Cardiac implantable electronic devices (CIEDs) can be implanted epicardially or transvenously in children. Both techniques involve procedure-specific complications, and evidence for the choice of technique in children of different ages is scarce.

OBJECTIVES

The purpose of this study was to characterize a complete national pediatric cohort with de novo CIED implantation and compare the risks and causes of reintervention between transvenous and epicardial CIED recipients.

METHODS

This retrospective nationwide cohort study included all Danish children aged ≤15 years receiving a CIED from 1977 to 2021. Outcomes included time to first reintervention stratified by age and implantation technique. Reintervention was due to either battery depletion or lead or generator complication.

RESULTS

A total of 376 children received an epicardial (n = 131 [35%]) or transvenous (n = 245 [65%]) CIED with median [interquartile range] follow-up of 14 [6-21] years. Median age was 6 [1-11] years. For epicardial recipients, complication-driven reintervention was equal across age groups (P = .10), whereas among transvenous recipients the risk was significantly lower with increasing age (P <.001). Age-specific risk analyses revealed different risks for children aged <1 year, 1-8 years, and 9-15 years (P <.001).

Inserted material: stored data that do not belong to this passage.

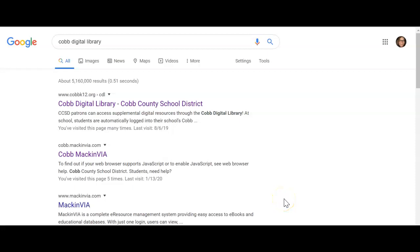Hi everyone, my name is Anita Foster and I'm the Library Media Specialist at Autry Middle School. I just wanted to show you real quick how to log into Cobb Digital Library at home. At school it's really easy because we have a link on our desktop that goes straight to Cobb Digital Library — you click on it and you are automatically logged in, but at home you do need to know your login.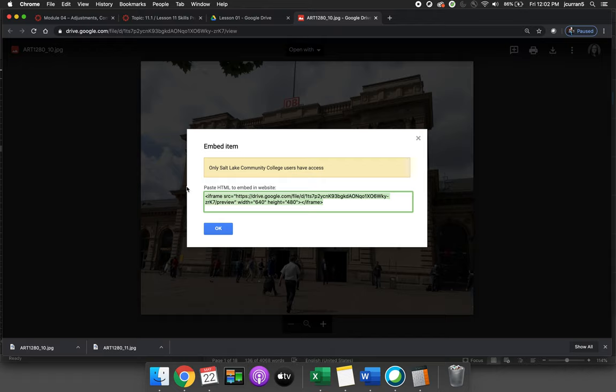It's saying if you embed that item that's fine but the people that view it must be logged in to their SLCC Bruin Mail email address on Google Drive.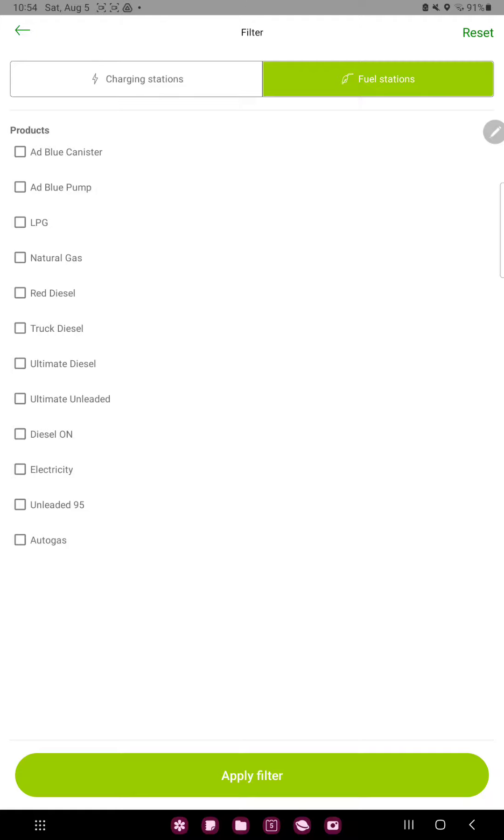In the product section you can find different types of fuels, for example, natural gas, LPG, red diesel and more, and just select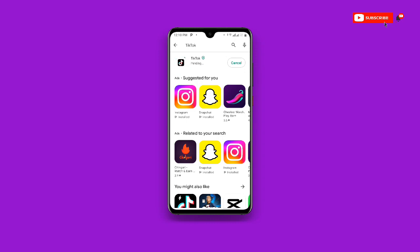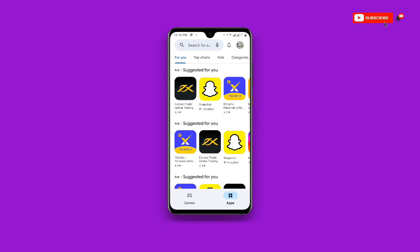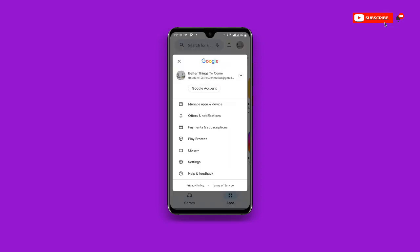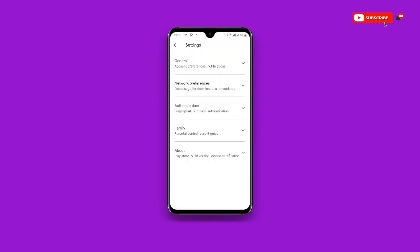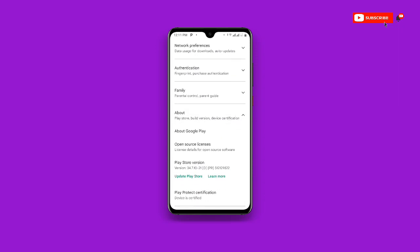Now for the second method: open your Play Store, and at the upper right corner you can see your profile icon — click on that. Once you click on it, go to Settings, then click on About. You will see an option that says 'Update Play Store' — click on that to update your Play Store to the latest version.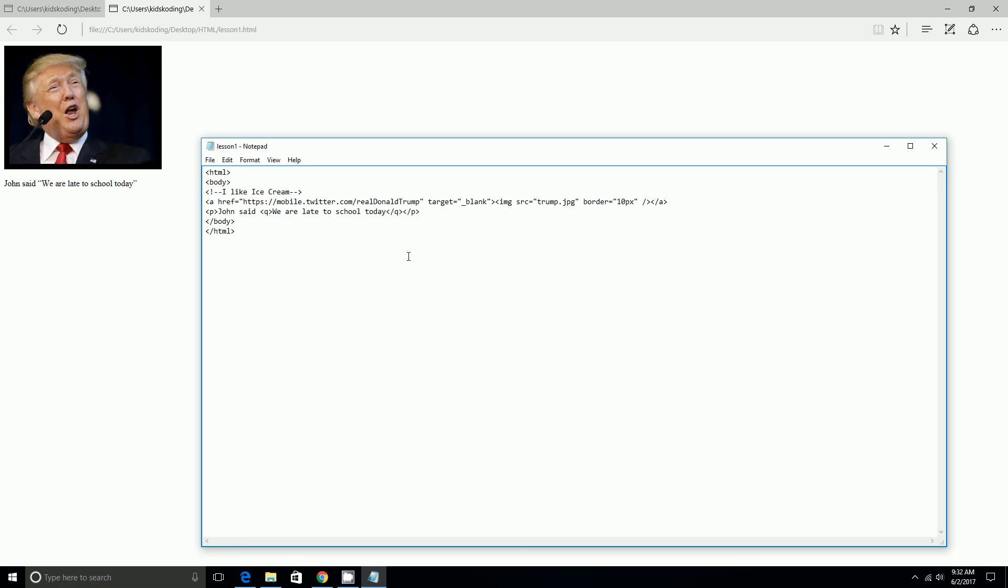And then we're going to next learn about abbreviations. I'll start off with a paragraph again and then I'll do the abbr base title equal to quotation marks National Basketball Association.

For children <1 year, a complication-driven reintervention was more frequent for transvenous vs epicardial recipients (P <.001), whereas in children aged 9-15 years, the opposite was observed (P = .02).

CONCLUSION

Transvenous implantation in children <1 year and epicardial implantation in children 9-15 years was associated with higher risk of CIED-related complication leading to reintervention, whereas for children aged 1-8 years, the complication risk was similar between implantation techniques.